Student aids impoverished countries through University programs


Ethan Scholl

Grant Richardson, senior in LAS, has traveled to about 15 countries including Kenya, China, and South Africa. In Kenya, he did enterprise development and worked in a children’s home. After graduation, he will be teaching elementary school kids in Houston through Teach for America.

By Marissa Plescia , Staff writer

Grant Richardson, senior in LAS, traveled the world since he was a child. His mother worked for United Airlines, so he had the unique opportunity of traveling with her.

Now that he’s older, he’s still traveling, but with a new passion in mind: social change.

Richardson is a global studies major with a focus on sub-Saharan Africa. His studies focus on helping impoverished areas, where he acts as a supportive resource for nonprofits through his work at Students Consulting for Nonprofit Organizations.

Richardson has been to about 15 countries, he said. Recently, he had the opportunity to study abroad in Kenya and intern in China and Johannesburg, South Africa. But instead of going to the tourist areas, he likes to fully engage in the culture.

“I like to really immerse myself in the places I’m living,” Richardson said. “That’s the kind of travel I like, having the opportunity to live in a place and see what it’s like to be a local to an extent.”

Richardson said Kenya is his favorite country he’s ever been to. His program lasted 10 weeks in a rural area where he helped provide financial stability.

In Kenya, he applied his studies from school in a developing country where he did enterprise development and worked in a children’s home.

He said one of his favorite memories while being there was helping a younger couple develop a shoe company. While a relatively simple business, Richardson sat with the couple and discussed business plans and long-term goals.

“Having that discussion with them and acting more as a facilitator rather than an interpreter was a really valuable experience,” he said.

On campus, Richardson is involved with several RSOs, one of which is Students Consulting for Nonprofit Organizations, a consulting organization of different nonprofits.

He first joined the organization as a freshman, but now he is one of the managing partners and presidents.

He aims to help build student interest and participation in these nonprofits.

“I wanted to learn more about the different actors that drive social change,” Richardson said. “And when I saw the opportunity to join a group that solely focused on providing support to local nonprofit sectors, I jumped on board.”

Franco Mariani, senior in Business, is one of the partners at the consulting organization. He said Richardson is a great leader and a great influence on the organization.

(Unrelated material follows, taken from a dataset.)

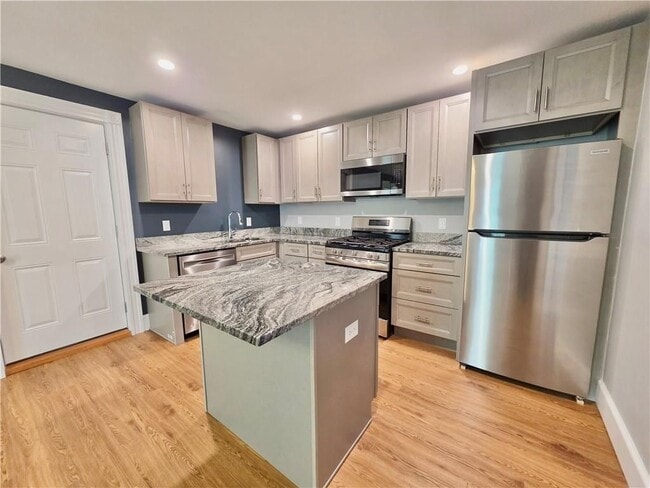 5 Greystone Ave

“He brings great knowledge about the nonprofit community that a lot of people don’t necessarily know about,” Mariani said. “Being able to leverage his knowledge and learn from him throughout our engagements is beneficial to all members and in turn becomes beneficial to all our clients.”

Richardson is also part of Illinois Enactus, which implements projects to help the Champaign-Urbana community.

This past semester, Richardson gave a TED Talk about his social work. He also discussed reasons people should get involved in their communities and how they can take advantage of these opportunities. He said it was a very nerve-racking experience, but also a great opportunity.

“Those I find are the best learning experiences,” Richardson said. “When you jump in headfirst to the things you don’t really want to do, that make your palms a little sweaty, maybe you start to shake a little bit. Those are the opportunities that will ultimately allow you to grow and become the person you want to be.”

Jason Ho, senior in Business, has known Richardson since high school but works with him on campus through Illinois Enactus and several other projects. He said Richardson is an amazing person to work with.

“He has this unique quality about himself where he’s sort of able to strike a really good balance between expressing his own ideas while also making sure all the other ideas are heard,” Ho said.

After Richardson graduates, he will be moving to Houston to teach elementary school kids through Teach For America, a nonprofit organization committed to teaching in low-income schools. It’s an experience he said he is highly looking forward to.

“I know I need experience at the ground level, working in an institution, specifically at an elementary school…I just know it’s going to be an incredible learning opportunity,” Richardson said.

But what Richardson will do after that, he said, he is unsure of at the moment.

“I don’t want to tie myself to a goal because I’m not sure,” Richardson said. “I’m still learning. This is a space I’ve become increasingly more familiar with, and so through that learning, I’m identifying things that I’m interested in.”